Astronomers combined the power of the 8-meter Gemini South telescope in Chile with an extremely high-resolution camera to scrutinize the star TRAPPIST-1. Previous observations of the star, which is only about 8% the mass of our Sun, revealed dips in the star’s light output that would be expected if several Earth-sized planets orbited the star. However, the situation would be greatly complicated if, upon closer examination, the star was found to have a yet-unseen stellar companion.
No such companion was found with Gemini, which essentially seals the case for multiple Earth-sized planets orbiting TRAPPIST-1.
Artist’s concept of what the view might be like from inside the TRAPPIST-1 exoplanetary system showing three Earth-sized planets in orbit around the low-mass star. This alien planetary system is located only 40 light years away. Gemini South telescope imaging, the highest resolution images ever taken of the star, revealed no additional stellar companions providing strong evidence that three small, probably rocky planets orbit this star.
The research, led by Howell, is published in the September 13th issue of The Astrophysical Journal Letters.
TRAPPIST-1 is what astronomers call a late M-type star; stars which are small, ultra-cool (compared to most stars), and faint. Late M stars are so faint that the only specimens we can observe are relatively close-by in space and, as the Gemini observations demonstrate, allow astronomers to probe very close to these stars in the search for companions.
“While no current telescope can actually image an Earth-size planet around another star, even if orbiting a nearby star such as TRAPPIST-1, our instrument on Gemini allows us to detect close companion stars and even brown dwarfs.” says Elliott Horch, [Southern Connecticut State University] co-author of the paper. “Such observations validate not only the existence of exoplanets, but their small size as well.”

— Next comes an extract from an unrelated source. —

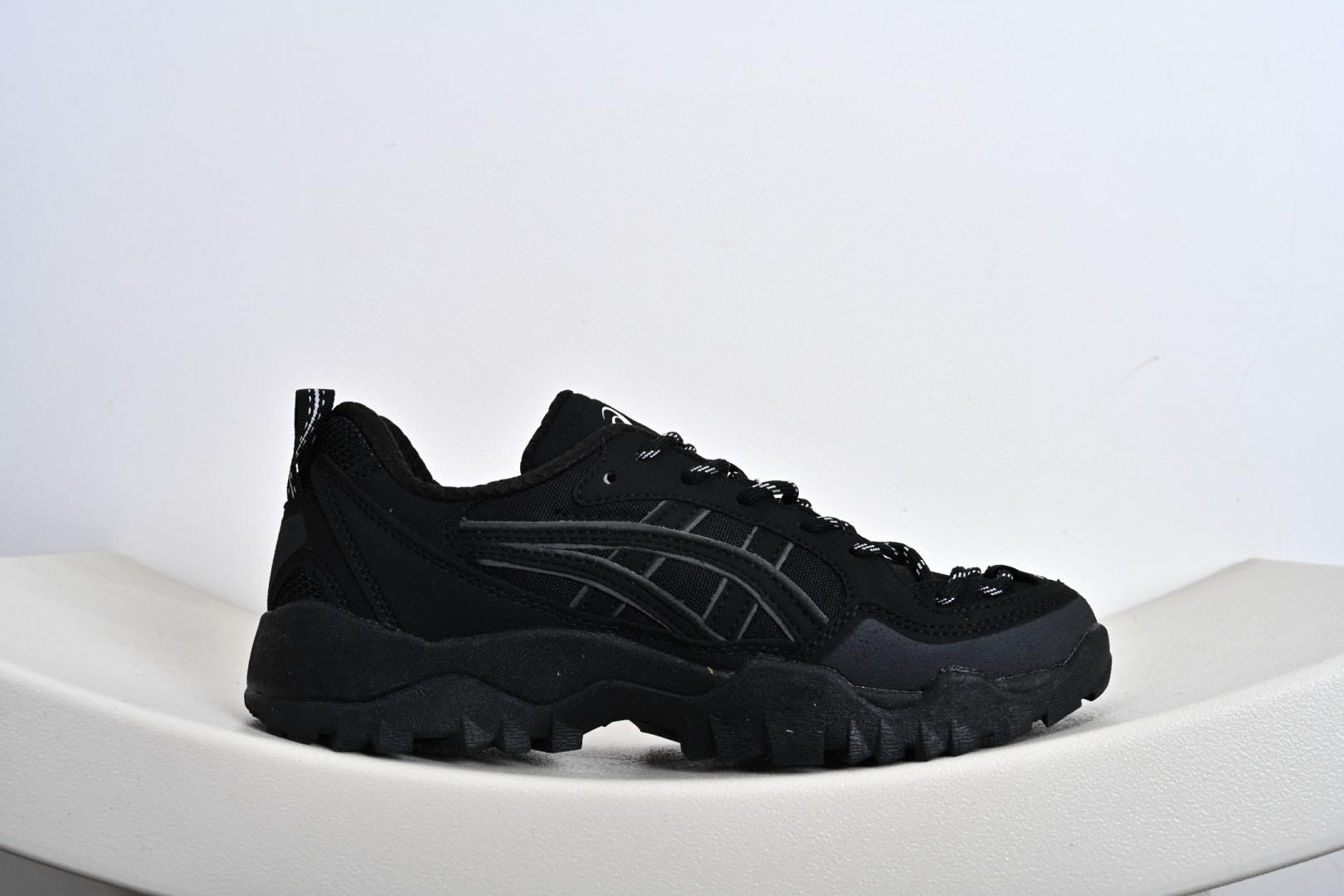 亚瑟士 Asics GEL Pickax 复古先锋拼接机能户外跑步鞋 - 知乎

M stars are of great interest to astronomers today as their diminutive size allows easier detection of small, Earth-size planets. The intrinsic faintness of M stars means that potentially habitable planets will have short orbital periods, on the order of weeks. Such planets will be the targets of detailed study by both ground- and space-based telescopes, studies that will attempt to measure the composition of their atmospheres and see if they are indeed Earth-like beyond just their size.
The discovery of TRAPPIST-1’s likely exoplanet pedigree began late in 2015 with data from the TRAPPIST (the TRansiting Planets and PlanetesImals Small Telescope) project. This work, published in the 12 May 2016 issue of the journal Nature, and led by Michael Gillon, observed TRAPPIST-1 over 62 nights. During that period, the star was found to fluctuate in a manner that is consistent with at least three Earth-sized planets orbiting and periodically eclipsing and blocking part of the star’s light from our view on the Earth.
The Gemini observations, made with the DSSI instrument, were made during a temporary visit of the instrument at the Gemini South telescope in Chile. “Gemini’s flourishing Visitor Instrument program is producing superb results in all areas of astronomy,” said Chris Davis, a program director at the U.S. National Science Foundation, one of the agencies that funds the International Gemini Observatory and which also provided initial funding for DSSI. “The DSSI observations of the TRAPPIST-1 system of exoplanets is just one example. The instrument team and their collaborators deserve credit for building such a versatile and productive instrument and also for making it available to all of Gemini’s users.”
The DSSI instrument on Gemini provides a unique capability to characterize the environment around exoplanetary systems. The instrument provides extreme-resolution images by taking multiple extremely short (60 millisecond) exposures of a star to capture fine detail and “freeze” the turbulence caused by the Earth’s atmosphere. By combining the images and removing the momentary distortions caused by the Earth’s atmosphere, the final images yield a resolution equal to what the telescope would produce if it was in space. With this technique, called speckle interferometry, astronomers can see details at, or very near, the theoretical limit of the 8-meter Gemini mirror yielding the highest-resolution single telescope images available to astronomers. The available resolution is like being able to separate an automobile’s two headlights at a distance of about 2000 miles.